MATERIAL PROVIDED =>
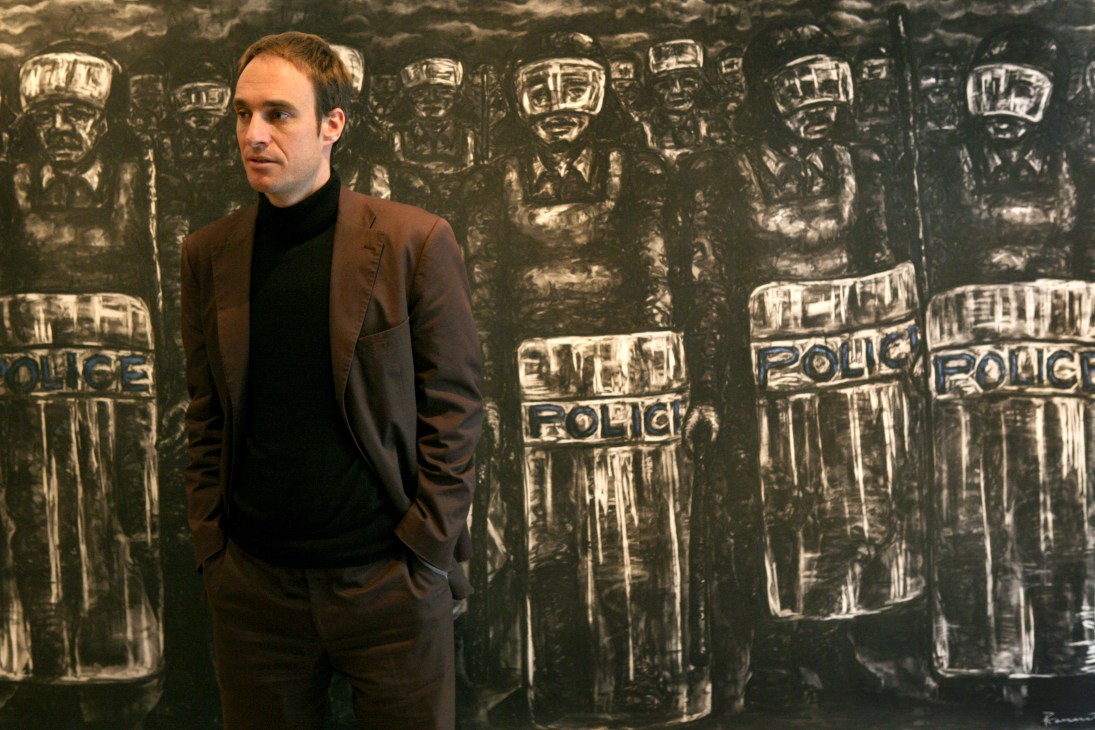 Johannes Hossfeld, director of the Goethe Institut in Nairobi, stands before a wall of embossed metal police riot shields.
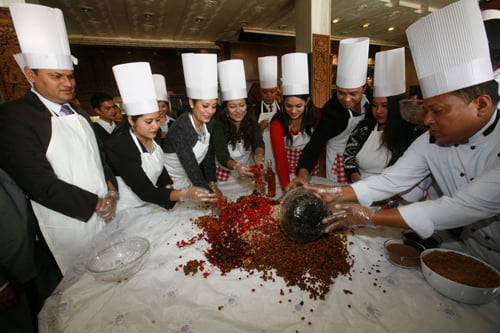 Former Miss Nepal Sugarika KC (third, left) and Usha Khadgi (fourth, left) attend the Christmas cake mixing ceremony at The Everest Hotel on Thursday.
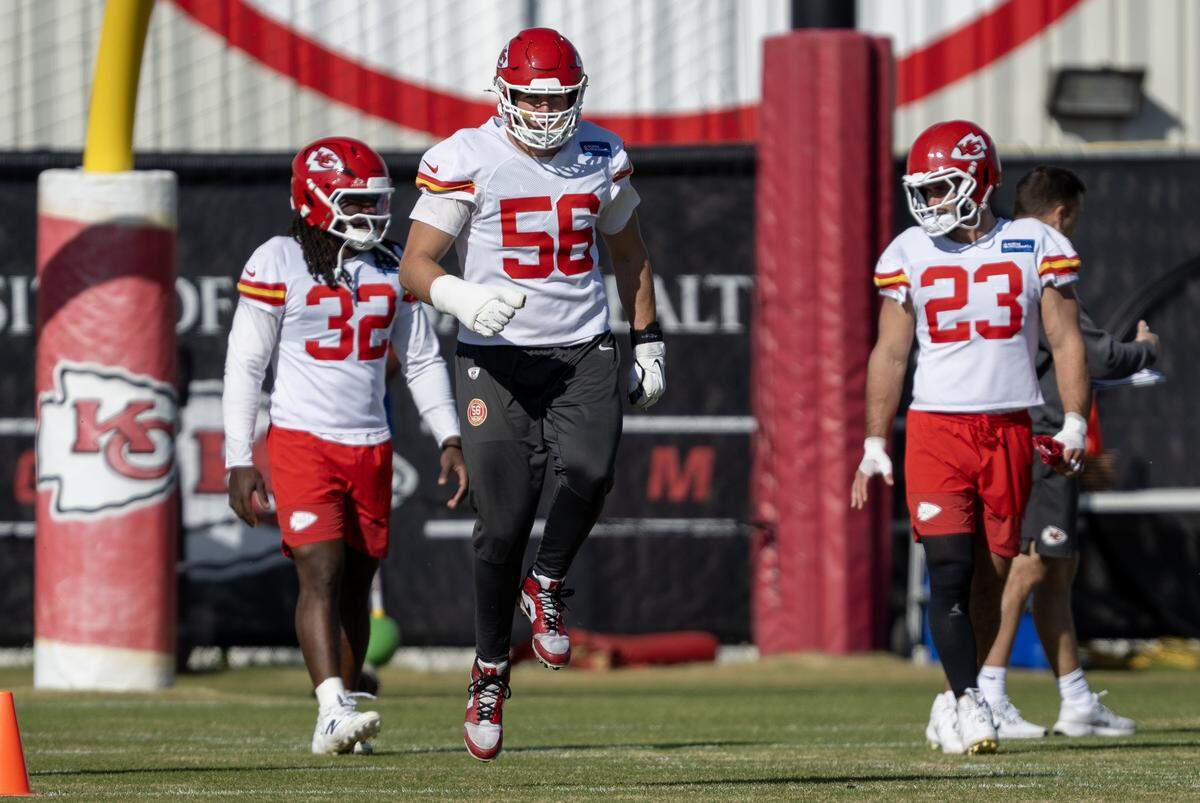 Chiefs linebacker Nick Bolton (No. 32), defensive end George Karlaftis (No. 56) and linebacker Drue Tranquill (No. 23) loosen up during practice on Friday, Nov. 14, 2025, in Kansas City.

...

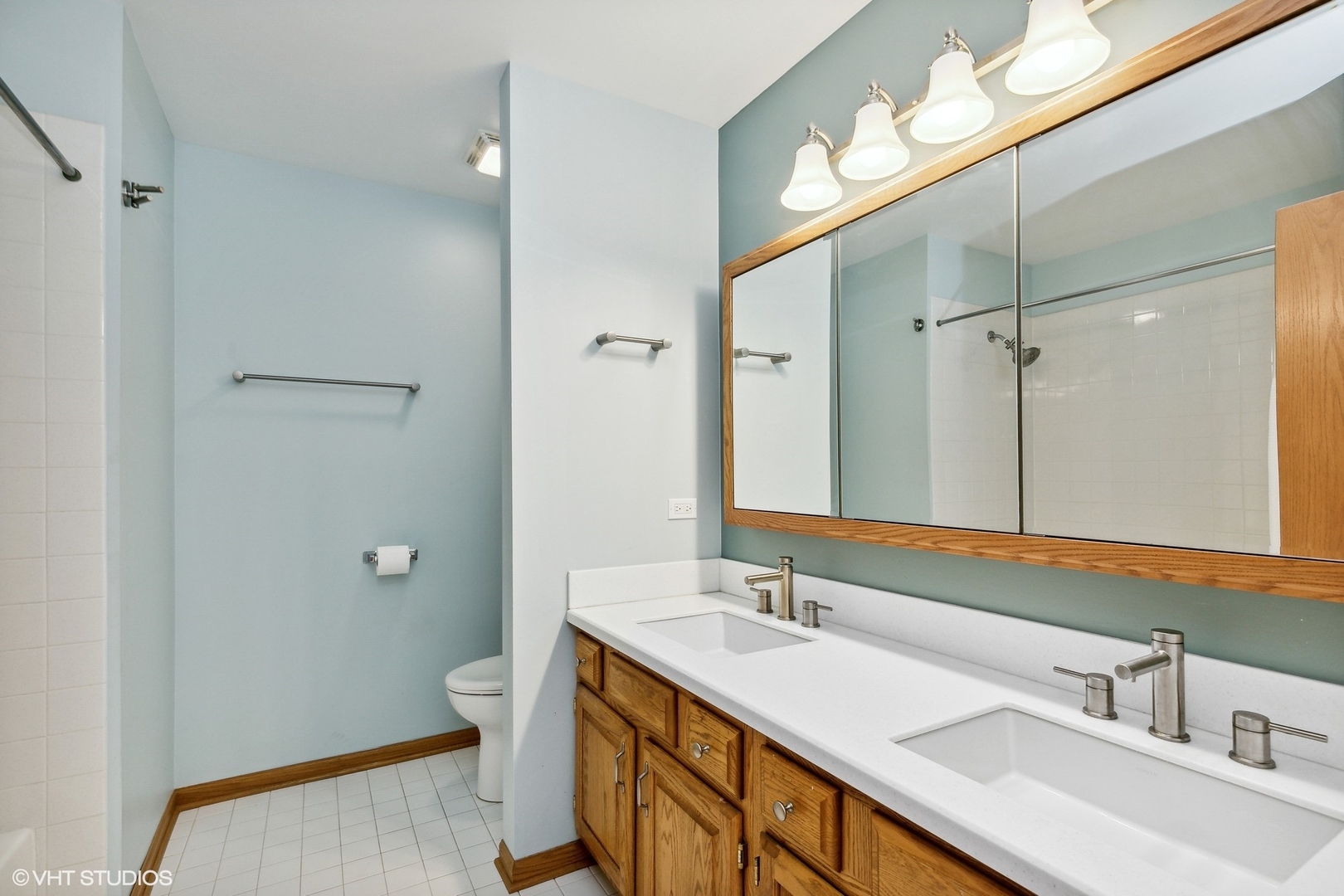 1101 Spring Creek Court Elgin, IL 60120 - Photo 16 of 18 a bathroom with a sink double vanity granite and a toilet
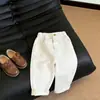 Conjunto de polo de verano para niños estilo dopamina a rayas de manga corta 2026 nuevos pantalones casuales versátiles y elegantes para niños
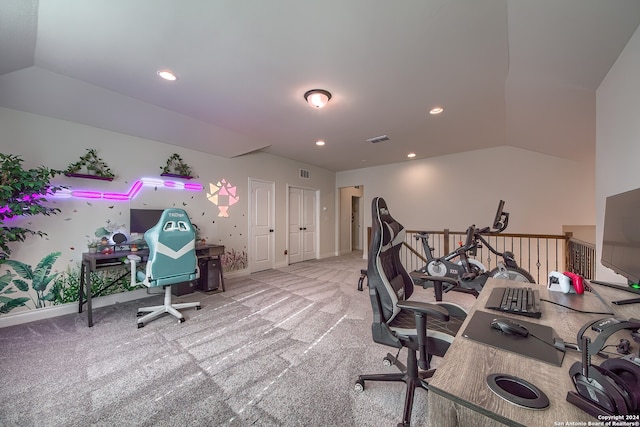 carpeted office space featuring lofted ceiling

---

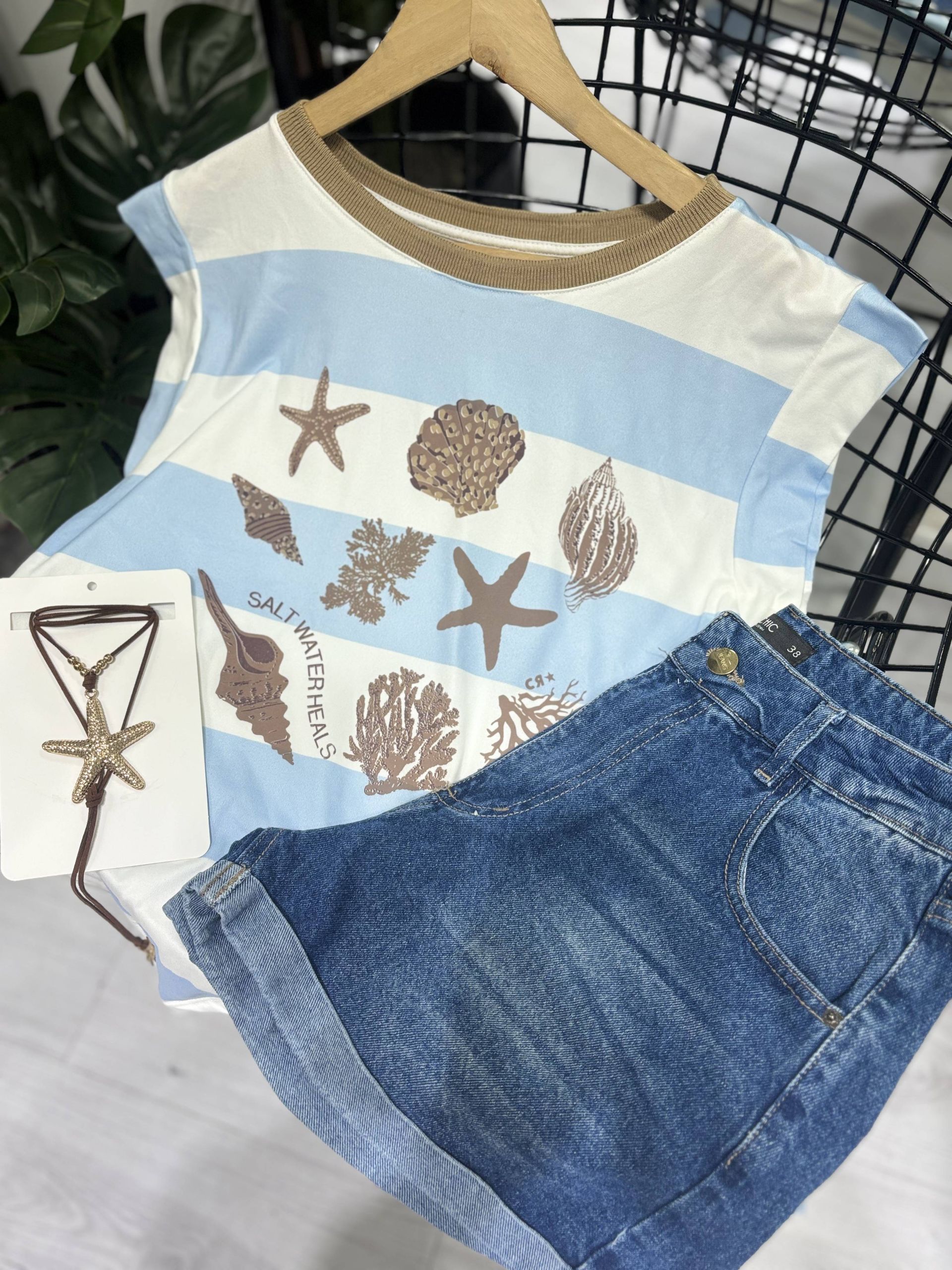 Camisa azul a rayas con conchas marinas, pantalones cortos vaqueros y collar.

WHAT THE TASK ASKS => Precisely those lines above that run from the line with "Johannes Hossfeld, director" up to and including the line with "Chiefs linebacker Nick" are to be set down, with the pictures omitted.

EXPECTED ANSWER =>
 Johannes Hossfeld, director of the Goethe Institut in Nairobi, stands before a wall of embossed metal police riot shields.
 Former Miss Nepal Sugarika KC (third, left) and Usha Khadgi (fourth, left) attend the Christmas cake mixing ceremony at The Everest Hotel on Thursday.
 Chiefs linebacker Nick Bolton (No. 32), defensive end George Karlaftis (No. 56) and linebacker Drue Tranquill (No. 23) loosen up during practice on Friday, Nov. 14, 2025, in Kansas City.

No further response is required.